* **Exercise prompt**
Ignoring every picture, transcribe the data in full as it stands.

* **Information supplied**
::::::
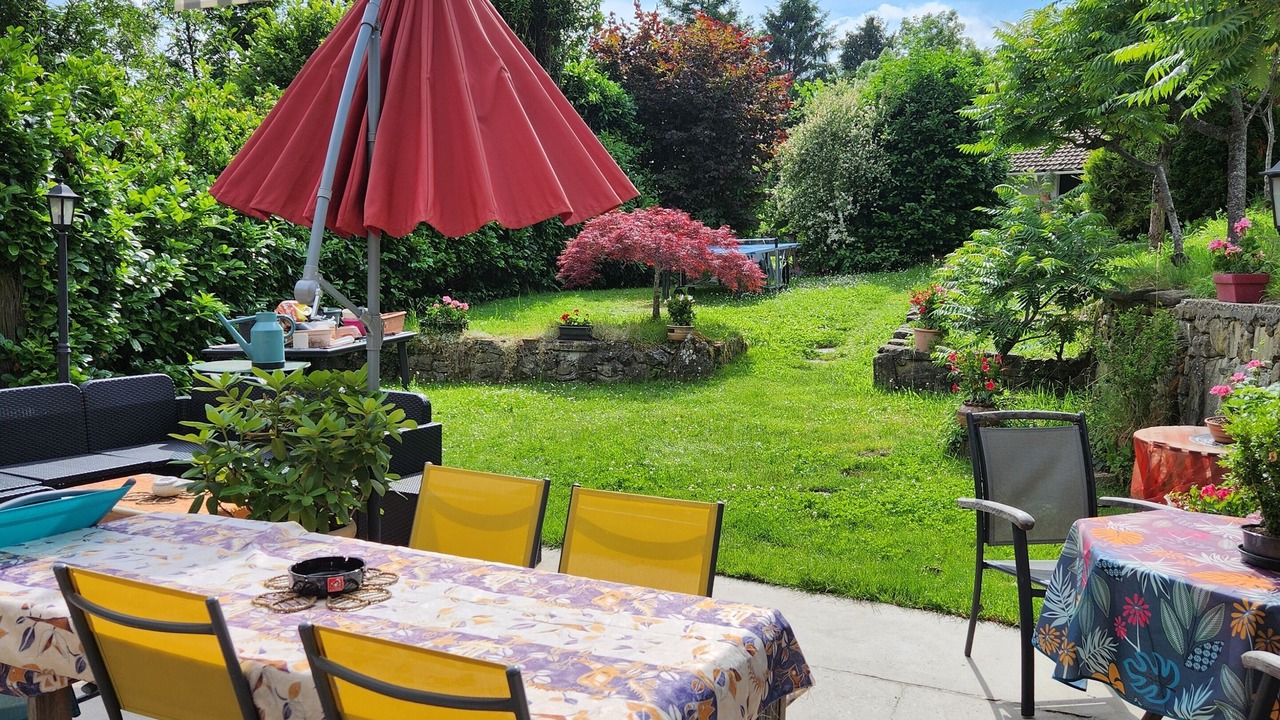 Photo of Outdoor in Bonne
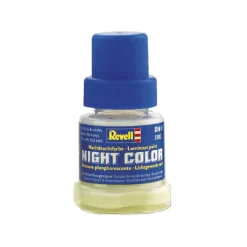Revell Night Color Luminous Paint 30ml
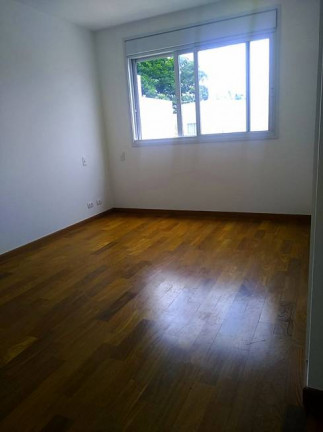 Imagem Casa de Condomínio com 4 Quartos à Venda, 586 m² em Jardim Cordeiro - São Paulo Imagem Casa de Condomínio com 4 Quartos à Venda, 586 m² em Jardim Cordeiro - São Paulo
::::::
* **Expected output**
 Photo of Outdoor in Bonne
Revell Night Color Luminous Paint 30ml
 Imagem Casa de Condomínio com 4 Quartos à Venda, 586 m² em Jardim Cordeiro - São Paulo Imagem Casa de Condomínio com 4 Quartos à Venda, 586 m² em Jardim Cordeiro - São Paulo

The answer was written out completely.